A simple and efficient dispersion correction to the Hartree-Fock theory (3): A comprehensive performance comparison of HF-Dtq with MP2 and DFT-Ds.

Abstract Accurate prediction of the intermolecular interaction energy (Δ E bind ) has been a challenging and serious problem. Current in silico drug screening demands efficient and accurate evaluation of Δ E bind for ligands and their target proteins. It is desirable that Δ E bind including the dispersion interaction energy ( E disp ) is calculated using a post-Hartree–Fock (HF) theory, such as the high-order coupled-cluster one, with a larger basis set. However, it remains computationally too expensive to apply such a one to large molecular systems. As another problem, it is necessary to consider the contribution of the basis set superposition error (BSSE) in calculation of Δ E bind . In Bioorg. Med. Chem. Lett. 2014 and 2015, we proposed simple and efficient corrections of dispersion and BSSE for the HF theory, which is not able to express the dispersion interaction energy correctly.
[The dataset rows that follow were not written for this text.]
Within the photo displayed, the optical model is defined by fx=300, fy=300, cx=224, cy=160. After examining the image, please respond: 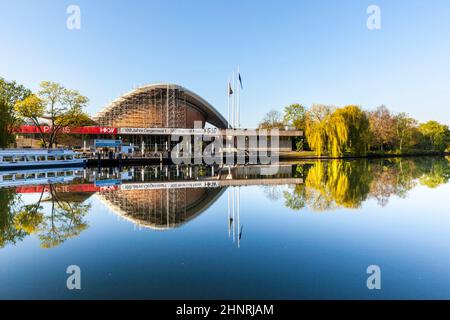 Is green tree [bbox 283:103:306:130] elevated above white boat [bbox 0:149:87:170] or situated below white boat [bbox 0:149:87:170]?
above

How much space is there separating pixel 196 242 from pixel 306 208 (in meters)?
5.38

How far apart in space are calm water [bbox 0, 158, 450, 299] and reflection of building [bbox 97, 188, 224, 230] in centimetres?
5

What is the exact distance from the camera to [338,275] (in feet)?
16.2

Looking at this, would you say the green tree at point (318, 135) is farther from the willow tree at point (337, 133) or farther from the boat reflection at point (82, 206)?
the boat reflection at point (82, 206)

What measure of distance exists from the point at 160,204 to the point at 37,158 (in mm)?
23694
The current Letter, as the final one in the series, aims to verify the HF theory enhanced by the dispersion correction (HF-Dtq) in the light of reproducibility of ‘accurate’ intermolecular ligand–protein interaction energy values, with comprehensive comparison with the MP2 and recently proposed various DFT-D theories. Taking Δ E bind calculated with the coupled-cluster theory coupled with a complete basis set as a reference, Δ E bind of over a hundred small sized noncovalent complexes as well as real ligand–protein complexes models was systematically examined in terms of accuracy and computational cost. The comprehensive comparison in the current work showed that HF-Dtq is a practical and reliable approach for in silico drug screening and quantitative structure–activity relationships.